「20年」の時の重さと軽さ。

ちょうど「9・11」から20年、ということで、あちこちで回顧する特集が組まれ、SNSなどを見ていても「あの時自分はニューヨークの○○にいた」という告白を目にすることが多い。

自分は、「あの時」どころか、人生の今に至るまでニューヨークという街には一度も足を踏み入れたことがないし、そもそも米国の地にすら、かれこれもう20年近く足を踏み入れていない。

だから、自分の「9・11」の記憶は、リアルなそれ、ではなく、テレビ画面越しにそれをぼんやりと眺めていた極東の島国の一市民のそれ、でしかないのだが*1、それでもこの季節になると何となく胸に湧いてくるものがあるのは、あの「2001年9月11日」前後の日々が人生におけるそれなりのターニングポイントだったから、なのだろうと思う。

・・・で、そのことをしみじみと振り返って書こうと思ったら、実は10年前のエントリーで既に書いていたことに気付いてしまったので、その一人語りはリンク張っておしまい。

k-houmu-sensi2005.hatenablog.com

人と比べてそう誇れることがあるとも思えない人生ではあるのだが、「20代半ばを無為に過ごした」ということに関しては、仕事に勉強に、と溌溂と打ち込んでおられる今の若者の皆さまとの比較ではもちろんのこと、同世代の人間と比べても”屈指”だった。

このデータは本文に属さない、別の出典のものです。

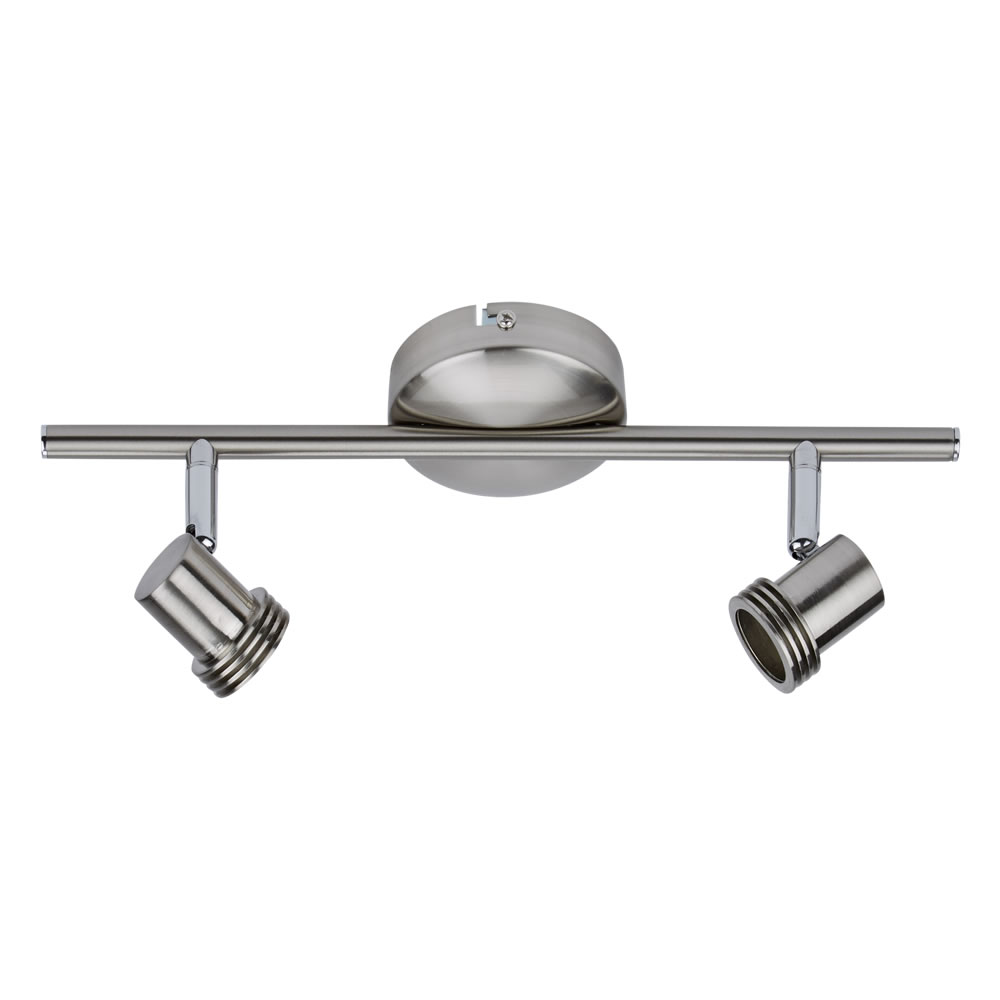 Biard Spot LED sur rail 2 x GU10 Brunswick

もちろんあの頃だって、そんな日々がその先10年も20年も続くとはさすがに思っていなかったが、何もなければあと数年はそのまま緩やかな時を過ごし、さらにそのままレールに乗っかって気が付けば今を迎えている、ということだって十分あり得たわけだから、あの前後で起きたことは間違いなく自分にとっての”ウェイクアップコール”であり、その象徴として記憶に刻み込まれたのが「9・11」だったのだと思っている。

世界を見回せば、先日もエントリーにしたためた通り、「この20年は何だったの?」とため息をつきたくなるような国際情勢の有様があり、一方でその間に起きた技術変革は、20年前の主役を不可逆的に”無用の長物”に変えている。その真ん中で、変わったように見えてまたいつか揺り戻しが来るかもしれない、というステータスになっているのが、多様性や環境に対する人々の意識、価値観、といったところだろうか。

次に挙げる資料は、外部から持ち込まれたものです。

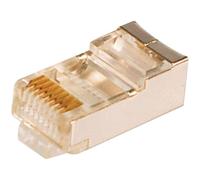 LogiLink® MP0003 Modular Plug CAT5e Shielded 100 pcs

自分に引き付けてみても、同じようなもので、大きく変わったものもあれば、全くと言ってよいほど変わっていないこともある。

「隔世の感があるなぁ・・・」と思うことも僅かにある一方で、時間が連続しているがゆえに未だに「昨日のこと」のように振り返ってしまうことも多々あったりする。

あの時「ウェイクアップ」した結果、歩むことになったここまでの旅は、計画もロクすっぽ立てずに歩いてきた割には、一片たりとも後悔の念を抱かずに済む、自分が考えうる限りでは最高の道のりだった。

ただ、どんなに経験を積んで様々なものを手に入れても、心の中に「日々を無為に過ごしたい」という誘惑が眠っているところだけは20年前とまるで変わっていないような気がしていて、様々な軛から解放されて手に入れた今の環境は、ともすればそういう方向に自分を導く誘惑には事欠かない。

もう一度、何かをきっかけにウェイクアップして、さらにこの先10年、20年、未踏の地を目指すのか、それとも、もはや折り返しを過ぎた人生を逆算して緩やかな日々に戻るのか・・・。

今わかっていることは「計算できる人生などない」ということだけだから、これまでどおり、目の前に転がってきたものに飛びつくかどうか、二者択一の選択肢の積み重ねで歩みを進めていくだけではあるのだが、さらにこの先、10年後、20年後時を過ごして振り返った時の時間の”軽さ”は、今と同じものなのか、それとも違うのか。それがわからないだけにちょっと迷っている2021年9月11日。

まぁいずれ、迷っていたことも忘れて、気が付けば10年、ということになってしまいそうではあるのだけど、とりあえずは今の心情、ということで、以上のとおり、ここに書き残しておくことにしたい。

*1:この点、同じ「・11」でも「3・11」とは全く次元が違う話である。